Geomagnetic storms can also cause bit flips, surface charging or internal charging to satellites orbiting our planet — all things that occurred this October when a solar flare produced a coronal mass ejection and a geomagnetic storm that hit Earth. Satellites are particularly susceptible because they don’t benefit from the relative protection of our atmosphere. But most of the satellites launched in the past two decades have been built robustly enough that they are resistant to overcharging.
The bit flips occur when ionized particles from the solar outbursts switch the function of memory bits. This can cause big problems for GPS satellites, which effect everything from navigation to precision drilling. Even banking relies on GPS satellite to dictate the timing of transactions. “That kind of failure would really hurt the economy,” Halford says. “It’s important and definitely something we should be worried about.”
While satellites are now built more robustly, she adds that it’s unlikely a storm would take out enough GPS satellites to cause many larger problems, though. These problems can also sometimes be easily fixed by power cycling, or simply by restarting the affected device. The October flare caused some minor problems, but the Federal Aviation Administration didn’t report any major navigation issues, Halford says.
Not all impacts of a large solar flare would necessarily be negative. When these events occur, they thicken the density of Earth’s upper atmosphere. In effect, the atmosphere rises in altitude for a short period.

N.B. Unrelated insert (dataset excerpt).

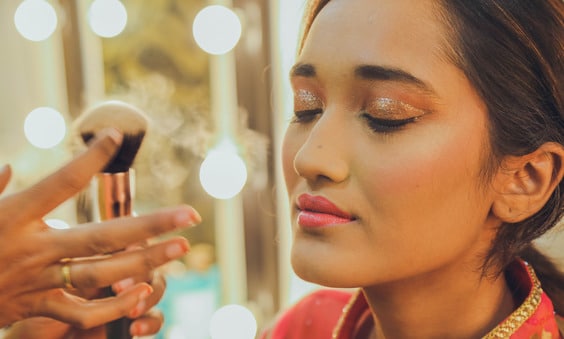 makeup artist applying makeup with brush to a woman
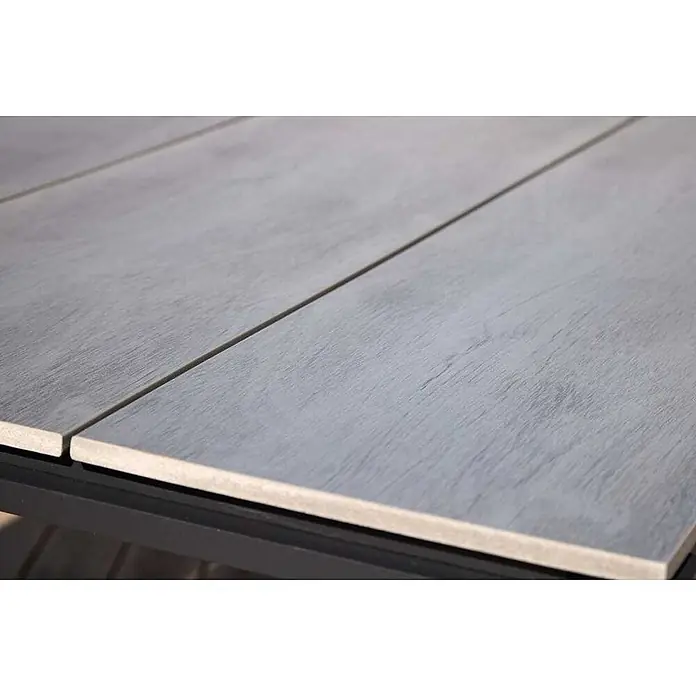Ebuy24 Gartentisch Martinus - L x B x H: 100 x 210 x 75 cm, Ø x H: 210 x 75 cm, Aluminium Nonwood, Sonstige, Grau - Nahaufnahme einer Tischplatte mit grauen Holzoptik-Keramikfliesen auf schwarzem Rahmen.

This can impact the orbits of satellites, potentially causing problems, but it can also affect the orbits of space debris floating around up there. The extra drag could cause this junk to fall into orbit and burn up.

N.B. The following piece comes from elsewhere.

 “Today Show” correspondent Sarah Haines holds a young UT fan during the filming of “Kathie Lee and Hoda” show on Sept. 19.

“You want some storms so we can naturally get rid of some of the debris,” Halford says. But it might be a double-edged sword, as the event could cause the orbital decay of operating equipment up there as well.
Another potentially positive effect for Earthlings living closer to the equator is the increased visibility of aurora. Northern lights and southern lights are caused when solar particles enter the atmosphere and collide with gas particles. This usually happens at the poles, where the magnetic field is weaker. But during solar flares, more of the particles make it through the atmosphere. Aurora borealis was recently visible in New York during the October solar storm.
These opportunities will only increase as we approach a period of solar maximum, which is when we see the greatest period of solar activity every 11 years or so. “The next few years should be really exciting because we will have a lot more chances to see the aurora,” Halford says.
This might also be a likely time for another big solar flare to strike. According to Halford, it’ll be a chance to see how well our safety measures and precautions can deal with this influx of solar particles — but don’t hold your breath. A study published in 2019 found the chance of a Carrington-like event occurring before 2029 is less than 1.9 percent. “A Carrington Event is one of those kinds of things that you kind of want to have happen,” Halford says, “because we think we can weather it.”